WORK INSTRUCTION:
Exactly reproduce the lines from the top of the entries below through the line containing "Bán Đất Tây", with both ends included.
Segment Start: MATERIAL FOR THE TASK
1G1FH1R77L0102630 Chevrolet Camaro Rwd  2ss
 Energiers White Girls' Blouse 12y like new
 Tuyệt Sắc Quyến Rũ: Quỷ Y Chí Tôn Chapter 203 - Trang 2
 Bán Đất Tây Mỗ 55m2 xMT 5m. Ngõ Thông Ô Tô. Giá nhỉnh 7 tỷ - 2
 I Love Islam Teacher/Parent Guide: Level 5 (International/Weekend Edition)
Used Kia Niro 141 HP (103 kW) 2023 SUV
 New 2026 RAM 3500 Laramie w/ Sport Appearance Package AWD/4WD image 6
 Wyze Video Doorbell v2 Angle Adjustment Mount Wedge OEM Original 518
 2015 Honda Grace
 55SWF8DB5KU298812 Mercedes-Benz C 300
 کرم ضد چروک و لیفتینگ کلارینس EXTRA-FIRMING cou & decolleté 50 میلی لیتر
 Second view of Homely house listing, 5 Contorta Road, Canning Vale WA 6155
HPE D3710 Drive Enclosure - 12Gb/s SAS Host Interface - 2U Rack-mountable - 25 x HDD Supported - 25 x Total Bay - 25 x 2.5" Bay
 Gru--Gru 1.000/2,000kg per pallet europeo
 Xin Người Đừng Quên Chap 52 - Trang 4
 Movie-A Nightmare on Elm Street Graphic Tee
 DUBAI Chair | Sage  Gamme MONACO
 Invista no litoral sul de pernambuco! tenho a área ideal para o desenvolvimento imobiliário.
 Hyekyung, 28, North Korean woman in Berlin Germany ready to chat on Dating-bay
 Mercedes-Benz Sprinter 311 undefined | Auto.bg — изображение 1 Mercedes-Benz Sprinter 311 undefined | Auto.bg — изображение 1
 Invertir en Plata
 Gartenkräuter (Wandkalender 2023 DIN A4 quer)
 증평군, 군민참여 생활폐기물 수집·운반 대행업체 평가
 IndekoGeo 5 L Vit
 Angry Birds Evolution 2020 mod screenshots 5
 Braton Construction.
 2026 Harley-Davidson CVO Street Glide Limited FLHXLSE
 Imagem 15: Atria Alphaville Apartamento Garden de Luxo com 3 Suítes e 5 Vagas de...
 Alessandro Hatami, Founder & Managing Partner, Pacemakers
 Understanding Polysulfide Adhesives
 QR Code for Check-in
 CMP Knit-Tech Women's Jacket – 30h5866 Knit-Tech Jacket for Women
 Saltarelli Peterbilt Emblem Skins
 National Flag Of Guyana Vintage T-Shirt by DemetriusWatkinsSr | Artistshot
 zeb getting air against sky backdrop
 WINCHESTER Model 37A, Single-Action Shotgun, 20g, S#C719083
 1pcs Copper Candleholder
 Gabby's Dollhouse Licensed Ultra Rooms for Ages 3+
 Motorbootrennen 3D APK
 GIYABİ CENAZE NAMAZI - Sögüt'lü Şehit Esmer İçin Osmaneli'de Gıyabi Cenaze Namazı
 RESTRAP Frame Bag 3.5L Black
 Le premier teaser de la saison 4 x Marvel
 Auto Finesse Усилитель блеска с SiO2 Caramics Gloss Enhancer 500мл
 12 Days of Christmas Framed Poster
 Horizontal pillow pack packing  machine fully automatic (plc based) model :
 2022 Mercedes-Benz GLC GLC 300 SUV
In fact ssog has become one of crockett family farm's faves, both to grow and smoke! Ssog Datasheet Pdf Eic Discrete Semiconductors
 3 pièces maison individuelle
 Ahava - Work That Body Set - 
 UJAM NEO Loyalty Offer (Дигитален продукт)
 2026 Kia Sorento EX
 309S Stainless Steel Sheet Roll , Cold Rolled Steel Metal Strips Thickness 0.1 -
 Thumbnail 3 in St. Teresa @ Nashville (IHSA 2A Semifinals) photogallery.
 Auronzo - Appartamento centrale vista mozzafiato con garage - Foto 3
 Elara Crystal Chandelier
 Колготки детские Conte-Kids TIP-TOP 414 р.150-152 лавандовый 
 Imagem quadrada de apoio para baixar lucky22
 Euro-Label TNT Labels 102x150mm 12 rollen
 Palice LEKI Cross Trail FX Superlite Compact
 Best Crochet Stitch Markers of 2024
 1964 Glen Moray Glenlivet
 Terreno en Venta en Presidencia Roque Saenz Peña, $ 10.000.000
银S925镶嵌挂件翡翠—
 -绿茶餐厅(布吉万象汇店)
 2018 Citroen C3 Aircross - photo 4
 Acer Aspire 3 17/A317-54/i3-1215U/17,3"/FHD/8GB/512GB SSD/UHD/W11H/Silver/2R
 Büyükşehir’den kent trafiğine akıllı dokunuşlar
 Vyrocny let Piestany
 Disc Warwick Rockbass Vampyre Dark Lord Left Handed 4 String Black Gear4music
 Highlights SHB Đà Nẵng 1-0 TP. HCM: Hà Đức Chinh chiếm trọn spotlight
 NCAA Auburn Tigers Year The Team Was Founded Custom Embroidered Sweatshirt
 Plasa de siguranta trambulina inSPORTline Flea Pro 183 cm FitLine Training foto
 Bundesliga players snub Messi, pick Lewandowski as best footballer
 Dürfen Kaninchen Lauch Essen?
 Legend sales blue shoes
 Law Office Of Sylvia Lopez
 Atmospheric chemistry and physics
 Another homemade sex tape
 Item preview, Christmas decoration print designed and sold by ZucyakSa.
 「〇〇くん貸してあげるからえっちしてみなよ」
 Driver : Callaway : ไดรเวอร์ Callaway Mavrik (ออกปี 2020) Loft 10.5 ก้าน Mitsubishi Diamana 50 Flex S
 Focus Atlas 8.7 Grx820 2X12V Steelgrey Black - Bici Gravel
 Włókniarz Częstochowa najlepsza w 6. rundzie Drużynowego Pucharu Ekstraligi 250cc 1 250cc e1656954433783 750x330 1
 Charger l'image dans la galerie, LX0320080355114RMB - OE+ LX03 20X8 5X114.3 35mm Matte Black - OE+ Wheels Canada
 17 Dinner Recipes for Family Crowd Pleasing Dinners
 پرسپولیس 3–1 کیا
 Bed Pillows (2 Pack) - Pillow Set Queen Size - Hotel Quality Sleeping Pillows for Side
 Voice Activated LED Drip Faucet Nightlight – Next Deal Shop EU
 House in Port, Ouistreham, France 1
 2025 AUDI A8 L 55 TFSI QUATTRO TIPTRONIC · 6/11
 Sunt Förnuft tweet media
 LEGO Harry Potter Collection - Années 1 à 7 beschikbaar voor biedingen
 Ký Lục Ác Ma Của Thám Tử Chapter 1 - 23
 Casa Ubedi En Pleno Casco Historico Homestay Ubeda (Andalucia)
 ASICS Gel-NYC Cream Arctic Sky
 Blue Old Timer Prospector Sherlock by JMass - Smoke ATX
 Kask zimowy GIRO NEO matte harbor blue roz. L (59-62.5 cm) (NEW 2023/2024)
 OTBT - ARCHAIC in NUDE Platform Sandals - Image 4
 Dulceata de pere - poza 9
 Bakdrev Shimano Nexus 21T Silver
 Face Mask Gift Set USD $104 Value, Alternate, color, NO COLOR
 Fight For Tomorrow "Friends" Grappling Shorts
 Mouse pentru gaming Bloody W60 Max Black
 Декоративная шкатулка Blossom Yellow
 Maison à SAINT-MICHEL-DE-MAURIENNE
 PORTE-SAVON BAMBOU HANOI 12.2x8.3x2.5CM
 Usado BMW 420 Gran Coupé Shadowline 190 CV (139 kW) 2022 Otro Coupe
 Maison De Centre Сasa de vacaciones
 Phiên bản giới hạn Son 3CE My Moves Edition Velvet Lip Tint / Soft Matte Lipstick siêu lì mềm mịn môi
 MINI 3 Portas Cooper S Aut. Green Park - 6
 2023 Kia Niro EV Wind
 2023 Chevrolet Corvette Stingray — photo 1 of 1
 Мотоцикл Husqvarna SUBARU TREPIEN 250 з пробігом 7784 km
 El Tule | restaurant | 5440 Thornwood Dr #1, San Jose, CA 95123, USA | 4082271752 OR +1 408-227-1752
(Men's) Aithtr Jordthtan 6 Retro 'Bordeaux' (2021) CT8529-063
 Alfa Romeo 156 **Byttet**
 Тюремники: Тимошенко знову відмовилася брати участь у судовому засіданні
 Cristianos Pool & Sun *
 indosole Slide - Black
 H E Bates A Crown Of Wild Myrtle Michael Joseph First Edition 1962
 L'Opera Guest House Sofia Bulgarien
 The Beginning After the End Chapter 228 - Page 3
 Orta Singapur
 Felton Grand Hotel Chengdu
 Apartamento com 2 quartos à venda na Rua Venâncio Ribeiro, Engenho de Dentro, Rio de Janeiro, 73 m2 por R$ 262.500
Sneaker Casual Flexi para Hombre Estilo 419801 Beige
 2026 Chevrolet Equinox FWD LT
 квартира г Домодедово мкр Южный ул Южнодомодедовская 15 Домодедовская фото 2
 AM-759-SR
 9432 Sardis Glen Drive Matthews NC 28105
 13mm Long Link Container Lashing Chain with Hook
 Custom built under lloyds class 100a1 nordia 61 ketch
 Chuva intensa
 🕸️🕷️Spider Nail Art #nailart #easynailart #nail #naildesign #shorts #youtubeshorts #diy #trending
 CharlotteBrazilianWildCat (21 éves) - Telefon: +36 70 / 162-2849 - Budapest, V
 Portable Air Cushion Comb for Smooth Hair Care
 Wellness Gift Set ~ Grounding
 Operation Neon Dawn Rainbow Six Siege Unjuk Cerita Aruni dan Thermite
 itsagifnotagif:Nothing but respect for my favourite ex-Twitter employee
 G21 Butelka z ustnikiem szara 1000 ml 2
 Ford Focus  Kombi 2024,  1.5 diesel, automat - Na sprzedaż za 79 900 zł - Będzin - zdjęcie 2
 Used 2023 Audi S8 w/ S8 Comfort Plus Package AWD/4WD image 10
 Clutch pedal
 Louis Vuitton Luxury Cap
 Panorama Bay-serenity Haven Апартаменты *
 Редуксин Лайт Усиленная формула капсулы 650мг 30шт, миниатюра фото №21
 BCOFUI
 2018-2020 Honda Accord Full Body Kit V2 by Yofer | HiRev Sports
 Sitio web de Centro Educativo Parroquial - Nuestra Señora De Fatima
Segment End: MATERIAL FOR THE TASK
REPLY TO THE TASK:
1G1FH1R77L0102630 Chevrolet Camaro Rwd  2ss
 Energiers White Girls' Blouse 12y like new
 Tuyệt Sắc Quyến Rũ: Quỷ Y Chí Tôn Chapter 203 - Trang 2
 Bán Đất Tây Mỗ 55m2 xMT 5m. Ngõ Thông Ô Tô. Giá nhỉnh 7 tỷ - 2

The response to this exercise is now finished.